## Image-caption web data
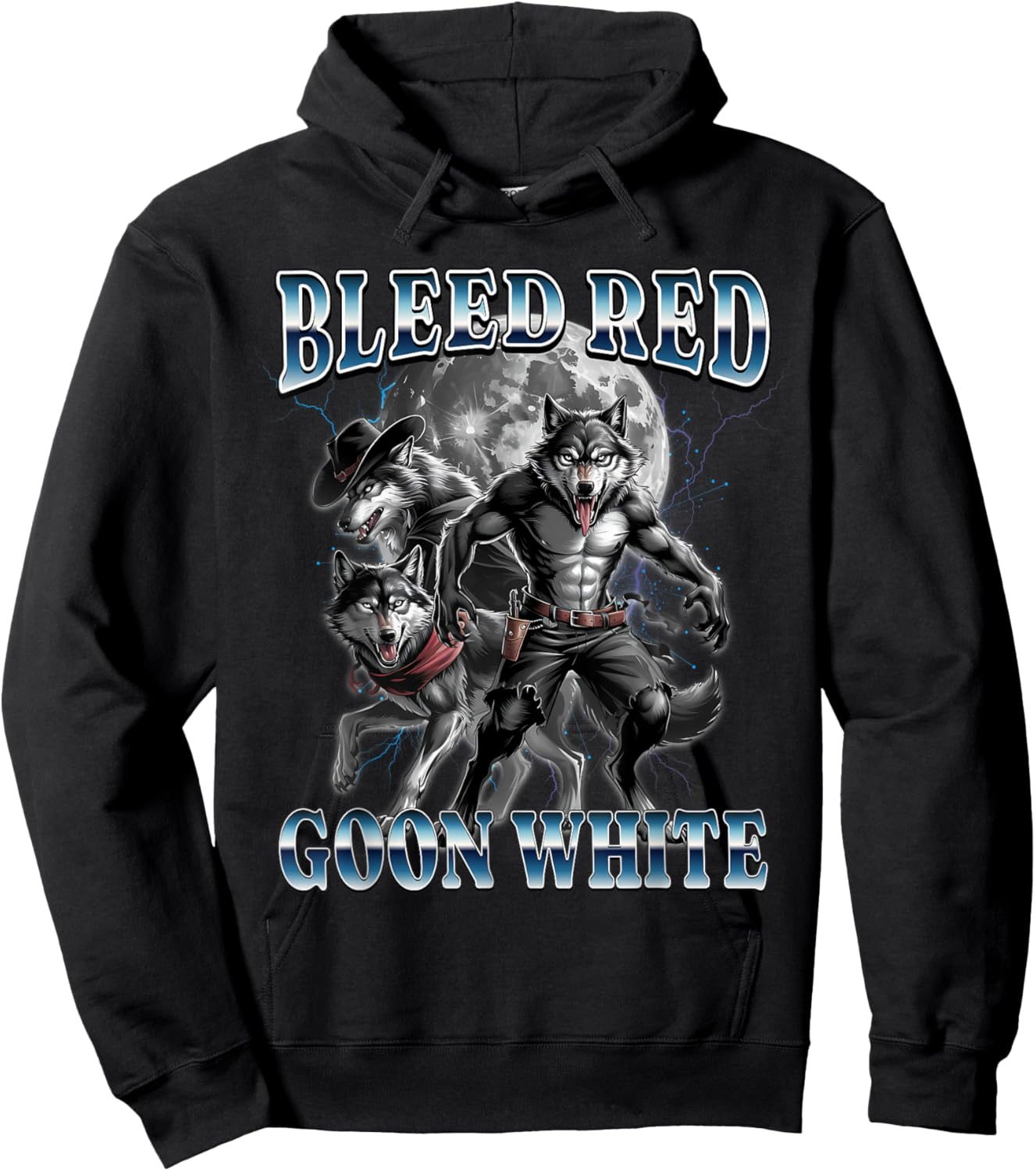 Funny Bleed Red Goon White Bootleg Werewolf Gooner Meme Hoodie - Hoodie | Black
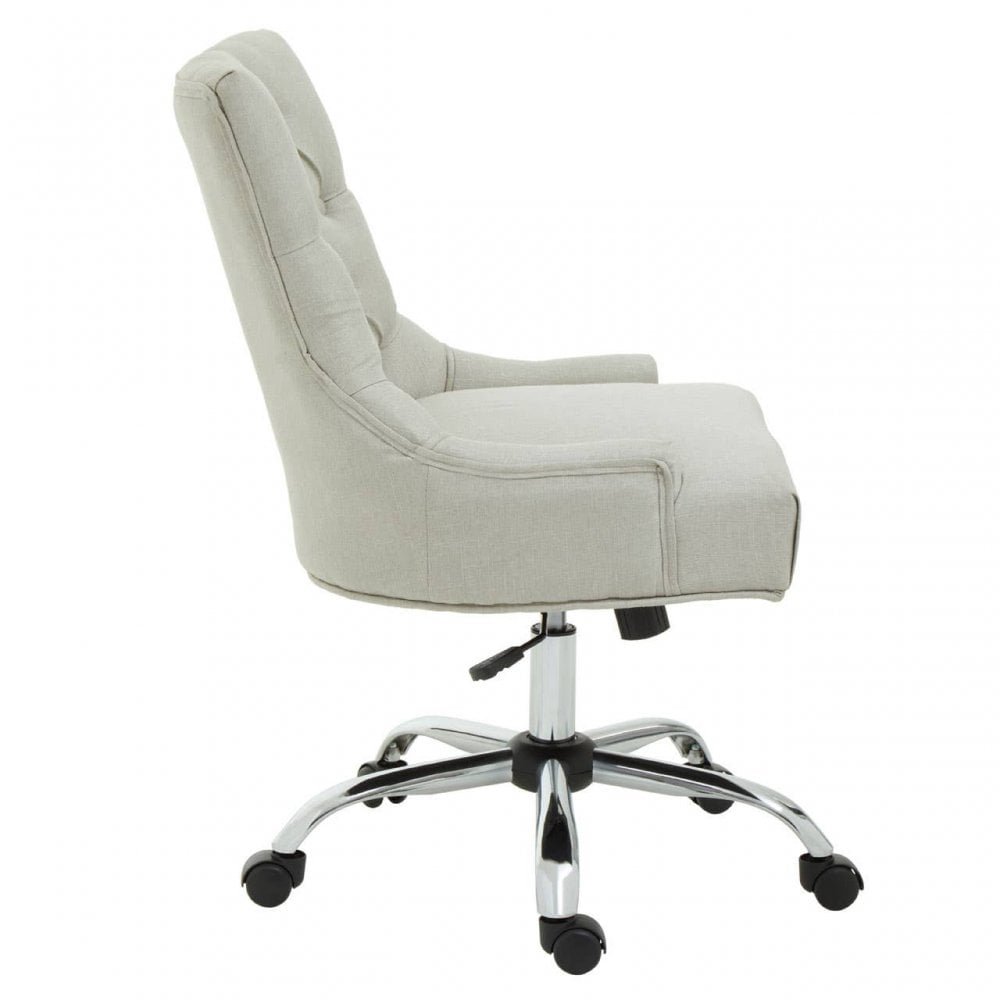 Marcella Natural Velvet Home Office Chair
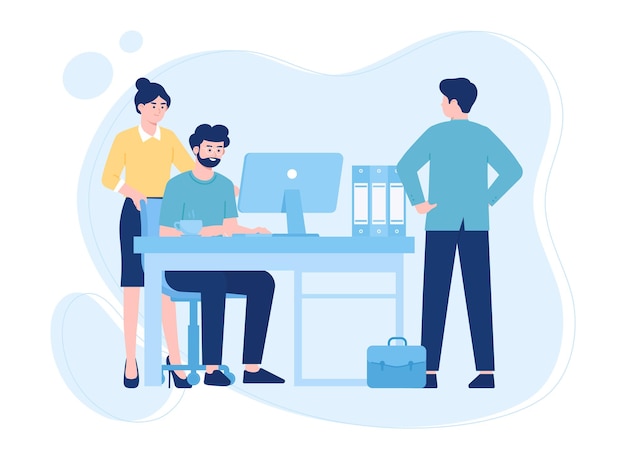 Managers working on project together trending concept flat illustration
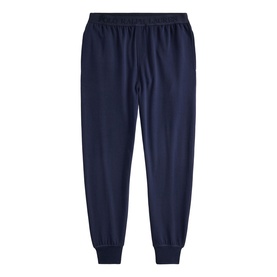 Ralph Lauren cruise navy lounge jogger bottoms with elasticated waistband and ribbed cuffs, flat lay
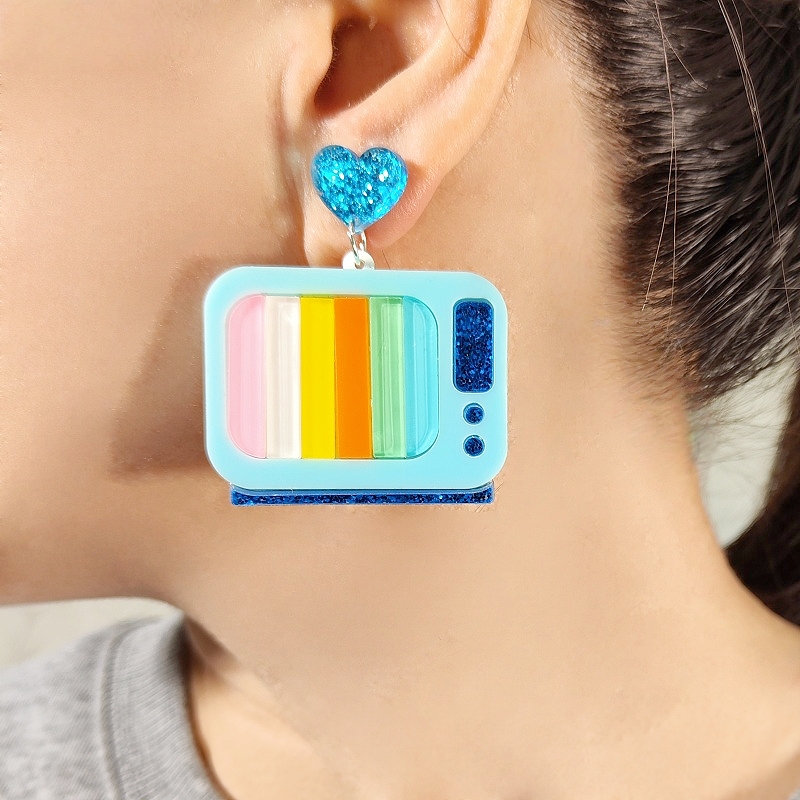 KUGUYS Anting Televisi Akrilik - Women'S Accessories In The 90S ulasan dan harga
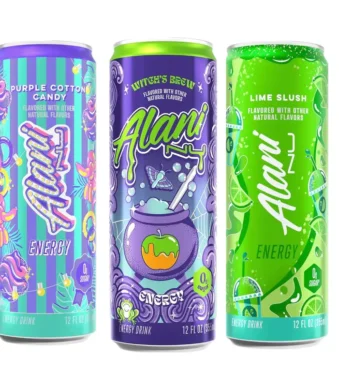 Alani Nu Energy Drink Variety Pack, Witch's Brew, Purple Cotton Candy, Lime Slush, 200mg Caffeine, 12 fl oz Cans, 6 Count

## Action item
Without copying any images, transcribe the records exactly as they stand.

## Answer space
 Funny Bleed Red Goon White Bootleg Werewolf Gooner Meme Hoodie - Hoodie | Black
 Marcella Natural Velvet Home Office Chair
 Managers working on project together trending concept flat illustration
 Ralph Lauren cruise navy lounge jogger bottoms with elasticated waistband and ribbed cuffs, flat lay
 KUGUYS Anting Televisi Akrilik - Women'S Accessories In The 90S ulasan dan harga
 Alani Nu Energy Drink Variety Pack, Witch's Brew, Purple Cotton Candy, Lime Slush, 200mg Caffeine, 12 fl oz Cans, 6 Count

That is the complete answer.